Reproduce exactly, leaving out pictures, each line from the one holding "Black Wool Blend" through the final line of the listing, and add nothing.

## Data block
Start of Block

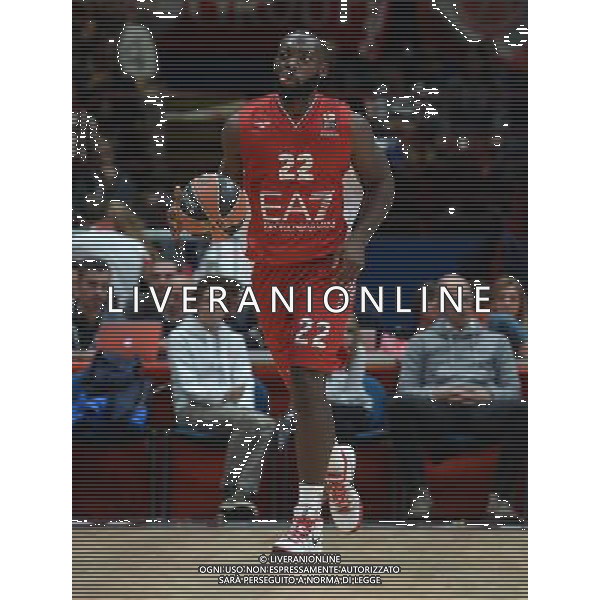 Turkish Airline Eurolega 2015/2016 Regular Season Milano - 16.10.2015 EA7 Emporio Armani Milano-Laboral Kutxa Vitoria Nella Foto:Jenkins Charles /Ph.Vitez-Ag. Aldo Liverani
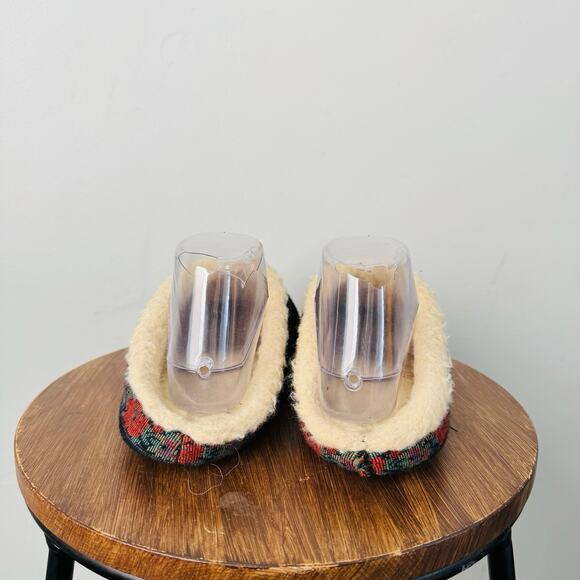 Black Wool Blend Slippers With Fur Lining Women’s Size 7.5 - Picture 5 of 9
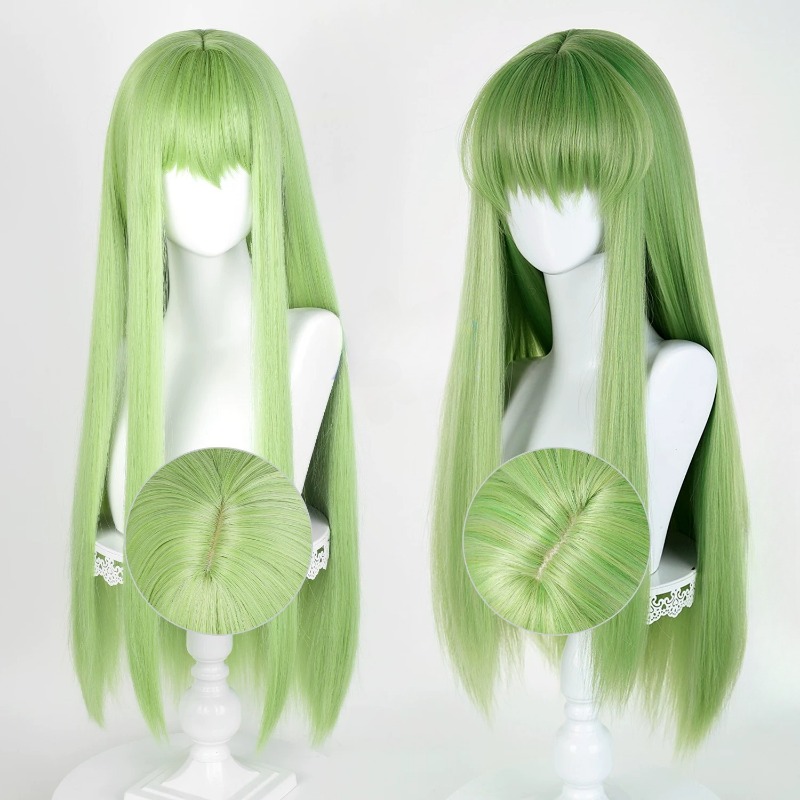 Anime CC Cosplay Green Wig Lon - đánh giá và giá Tech Accessories Women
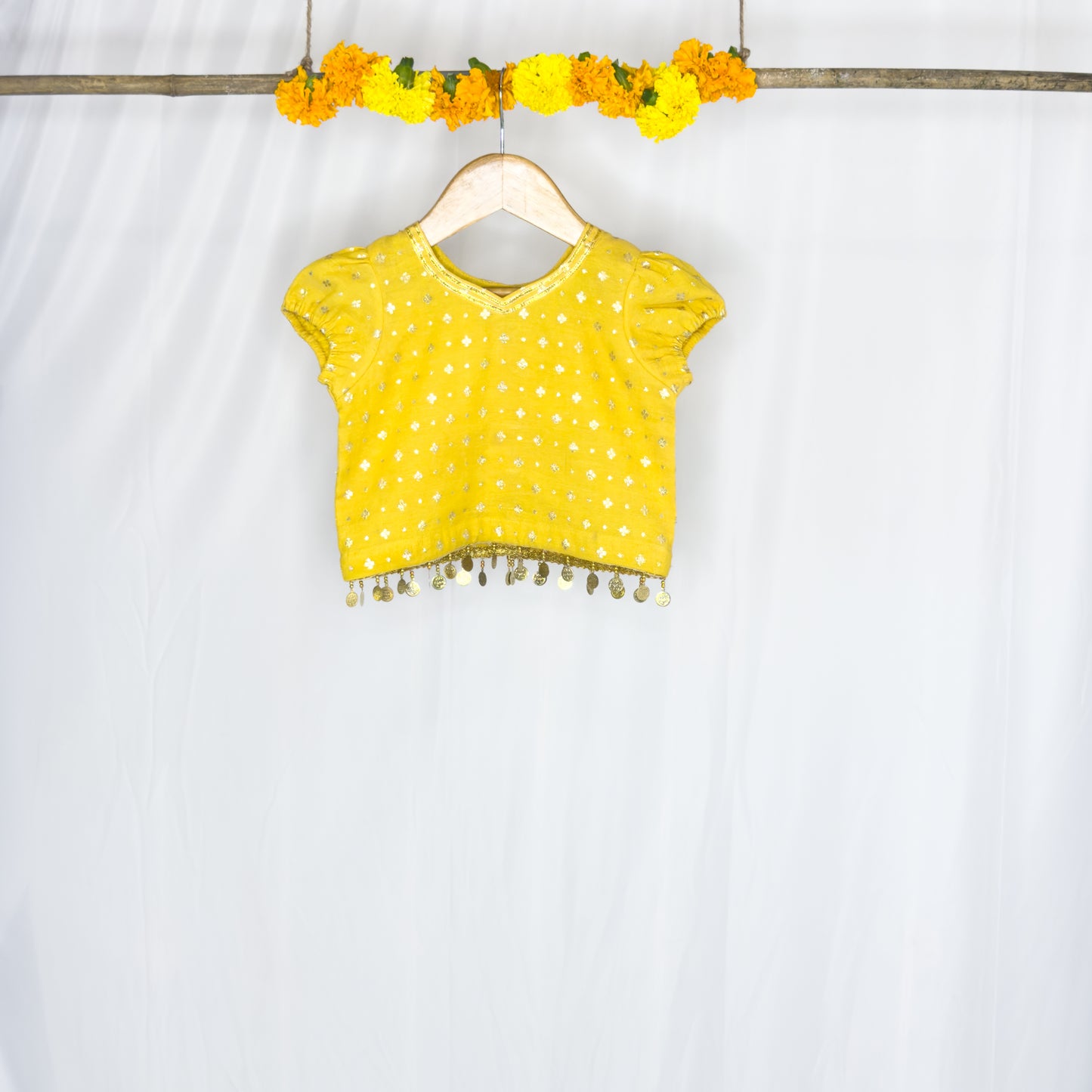Sara- banarasi polka dot chanderi lehenga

End of Block

## Response to this exercise
 Black Wool Blend Slippers With Fur Lining Women’s Size 7.5 - Picture 5 of 9
 Anime CC Cosplay Green Wig Lon - đánh giá và giá Tech Accessories Women
Sara- banarasi polka dot chanderi lehenga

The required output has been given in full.